As in Langland’s Piers Plowman, we have a “faire field full of folk” to work with in this country there is no shortage of skill and talent, just of the political and religious will to make it work for the common good.  Don’t take my word for it, here is A. G. McDonnell at the end of England, Their England:

Soon Donald could see that, although they walked out of step, in groups and parties, mingling with each other and changing from moment to moment, with here and there a man by himself, although in fact they did not remotely resemble the disciplined advance of an army on the march, nevertheless, every single one carried a weapon of some sort, even if it was only a cross-bow or a bill-hook or a scythe. And yet none of them wore anything that might be described as a uniform; mostly they wore black suits or shabby corduroys, and they carried their weapons in a careless, amateurish way.

The rumbling noise grew louder and more continuous. The faces of the two vanguards were now visible, and Donald saw that all the men of those two armed bodies of civilians were shaking and quaking and heaving with inexhaustible laughter. The vanguards met immediately below St. Catherine's Hill, where the road had widened out, somehow without Donald noticing it, into a great broad open space, and in a few moments all the men were talking and laughing together. Nobody listened very much to anybody, but they all seemed to be in raging, towering spirits. They threw their weapons down apparently at random, and pulled books and scrolls and parchments and pieces of paper out of their pockets and chattered away and declaimed and recited; and suddenly and queerly and instinctively Donald knew that they were all poets.

Once there seemed to be some sort of alarm sounded, for they all sprang to arms with inconceivable rapidity, and ranged themselves in battle array and handled their jumble of weapons in a manner that was the complete reverse of carelessness and amateurishness.
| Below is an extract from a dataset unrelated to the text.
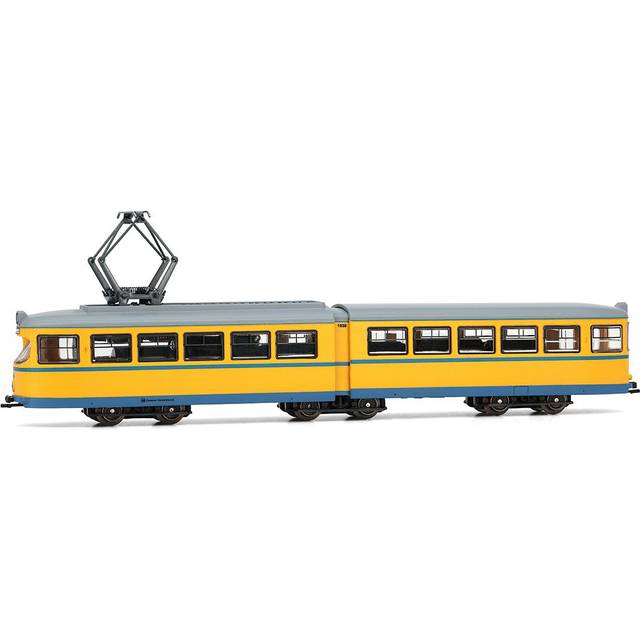 "Arnold HN2603D Tram Duewag GT6, one front light, yellow/blue livery ""Essen"", ep. IV-V, with DCC decoder N Gauge"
When it was found to have been a false alarm, they shoved their weapons away again—one, a little fellow, stuffed a great meat-axe casually into one coat-pocket and hauled a quarto volume out of the other, and one arranged his Hotchkiss machine-gun into a three-legged table and sat down on the ground and began to write a poem upon it—and fell to talking and laughing and scribbling and shouting and declaiming.

I have reckoned to be some kind of Christian in the past, although I don’t believe that the entirety of the Bible is the received word of God, and I don’t believe it’s morally right to attempt to convert someone to a particular belief system, especially against their will, and nor do I think that the Church (any church) has a universal moral answer which is applicable in every situation or circumstance. I sort of believe in Jesus, at least I believe he existed, but I struggle enormously with the whole Son of God thing.  I have no answer whatsoever to the problem of evil in the world, save that God’s ideas of right and wrong must be radically different to ours, or he/she/it knows something we don’t. I do believe that people survive after they die, probably in a way to do with multiple universes and different planes of existence that we don’t fully understand, and probably never will, until it’s finally revealed to us. I do think that something listens to my prayers, sometimes.

And that’s about it. Not much with which to fare forward and plough all those muddy acres that lie ahead, but these fragments I have shored against my ruin, as Eliot said. After all, it worked well enough when Adam delved and Eve span, and there was then no Gentleman… Right now, though, all I can fall back upon is that traditional cry for Plough Monday, of “God Speed The Plough”.